By Shawn Perich
Sometimes a simple question is hard to answer. The other night, during a telephone interview with the Ticket Outdoors on Twin Cities radio station WGVX The Ticket 105, I was asked to name my favorite fish.
“It’s the brook trout, right?” one of the Ticket hosts said. “If you only could fish for one fish, that’s what it would be.”
My answer was brook trout…or steelhead…or any trout and salmon…and walleyes aren’t far behind. I could have tossed in crappies, which I rarely have an opportunity to catch or Atlantic salmon, which I’ve fished for once or tarpon, which I’ve never experienced. Then again bluegills and bullheads could make my list.
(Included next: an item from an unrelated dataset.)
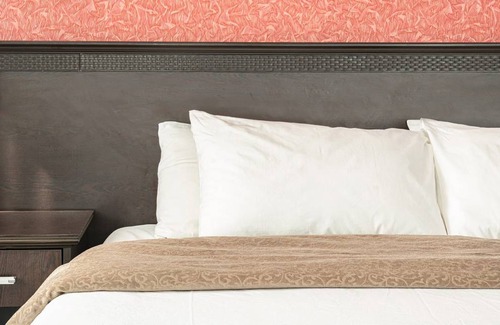 Gaziantep City Center Hostel | Hostel ∙ 8 guests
While I’m mostly a trout guy, it’s the act of fishing, rather than the species I catch, that keeps me coming back.
As for types of fishing, casting flies is my first love, but most years I spend as much or more time trolling on Lake Superior or jigging for walleyes. I like watching the sun rise over limitless Superior or seeing it set into the black spruce lining the shoreline of a northern walleye lake. Actually about the only time I don’t enjoy fishing is during the heat of the day. Slow-cooking in the hot sun isn’t my cup of tea.
Sometimes people ask if you prefer hunting over fishing or vice versa. That, too, is a question difficult to answer. If it was October year-round, I’d move to South Dakota and hunt pheasants. I like chasing North Shore whitetails in November, too. The prime times for hunting are relatively short, so I rarely fish during those times. But I can’t say that I like hunting any more or less than fishing.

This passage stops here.